Data to process ::
>>>

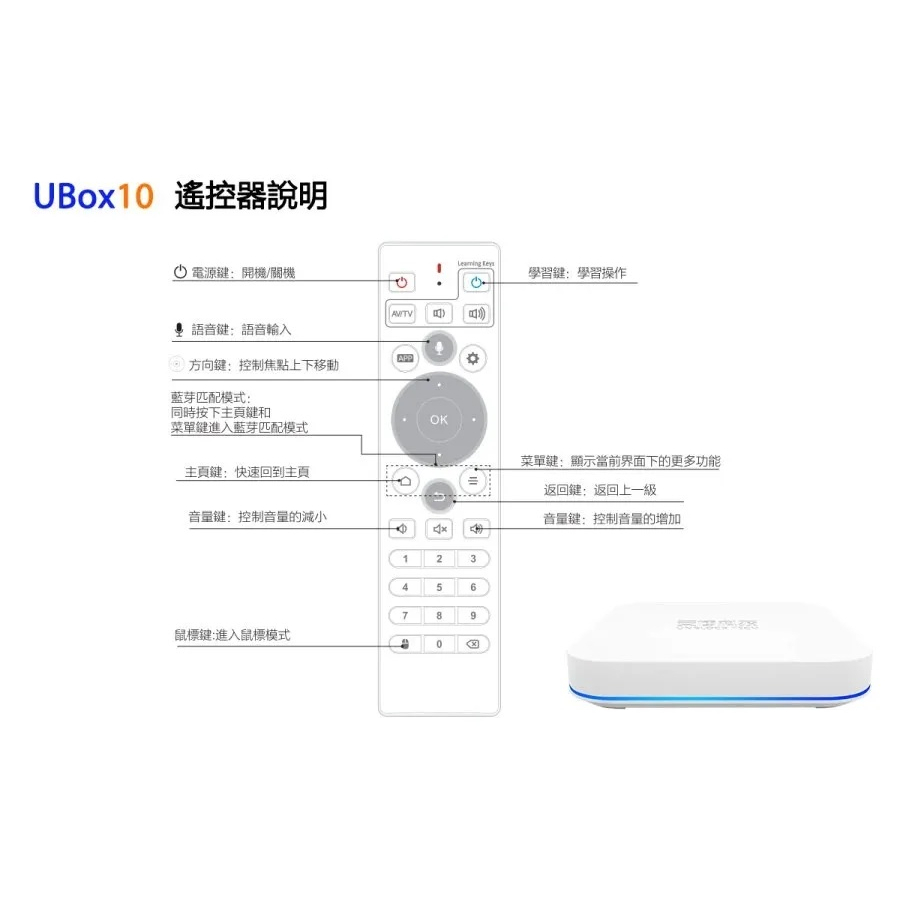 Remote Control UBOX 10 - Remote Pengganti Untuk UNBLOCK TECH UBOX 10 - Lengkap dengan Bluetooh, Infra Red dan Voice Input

<<<
>>>

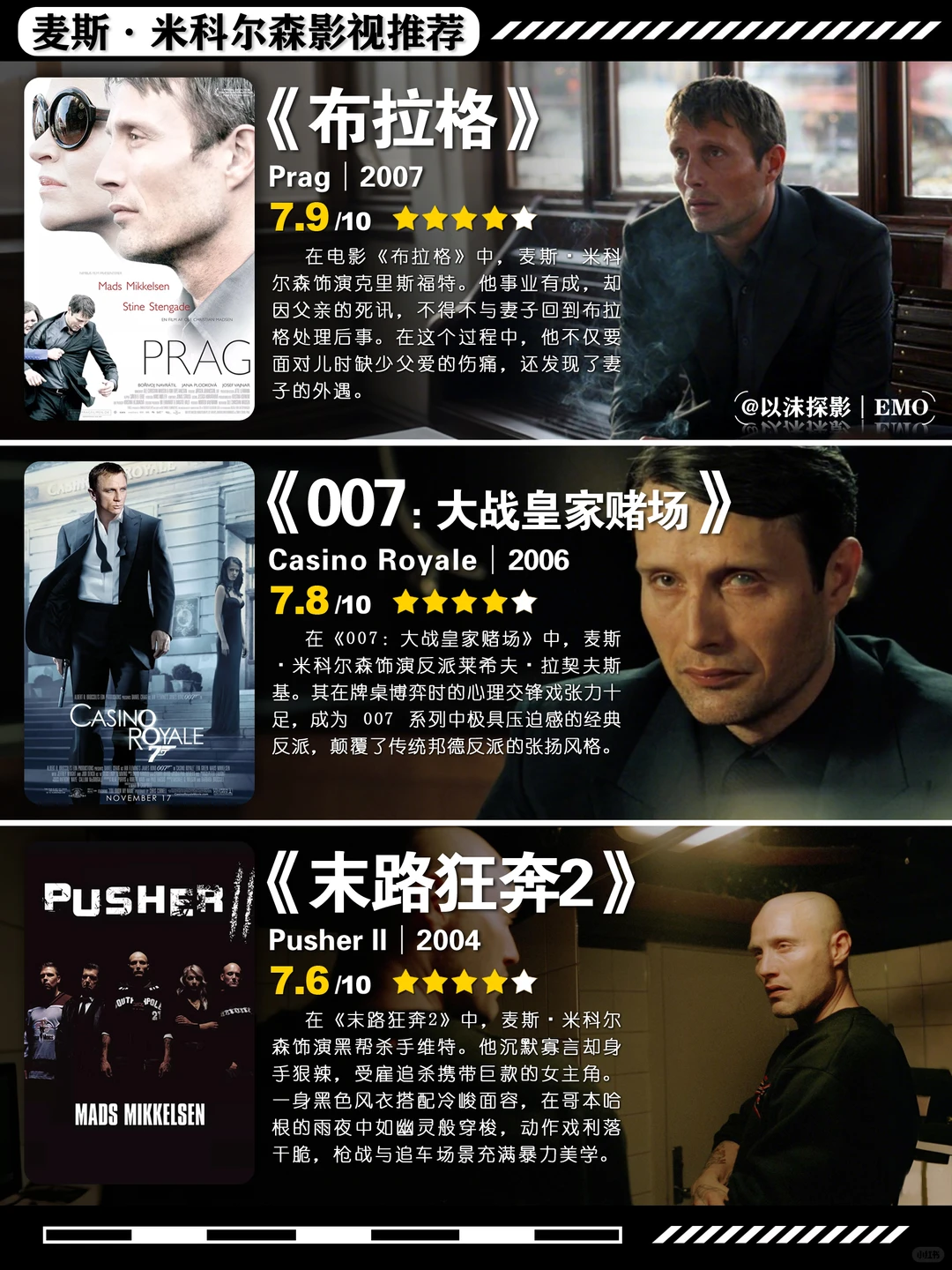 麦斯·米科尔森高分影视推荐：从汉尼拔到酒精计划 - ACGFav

<<<
>>>

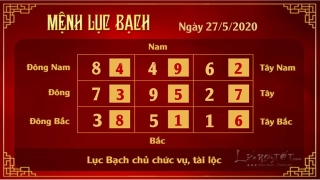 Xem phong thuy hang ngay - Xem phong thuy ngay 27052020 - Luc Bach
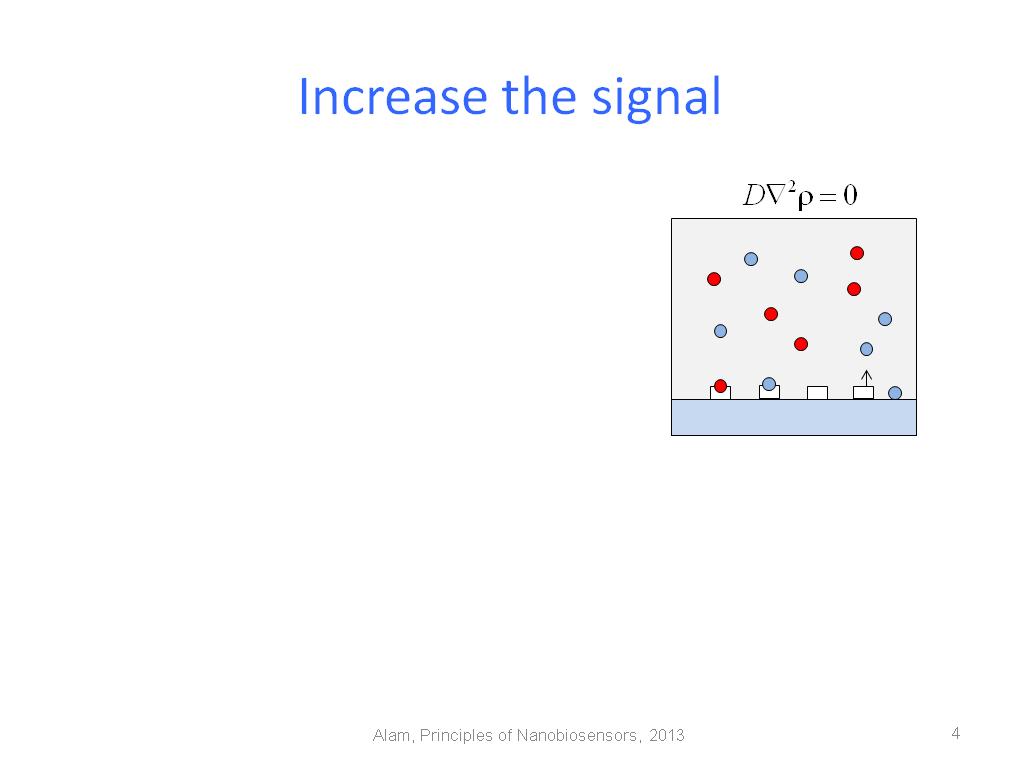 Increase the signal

<<<

Problem to work on :: Within the material above, only the stretch from the line holding "Xem phong thuy hang" through the line holding "Increase the signal" is to be restated exactly. Pictures are dropped.

Response to the task ::
 Xem phong thuy hang ngay - Xem phong thuy ngay 27052020 - Luc Bach
 Increase the signal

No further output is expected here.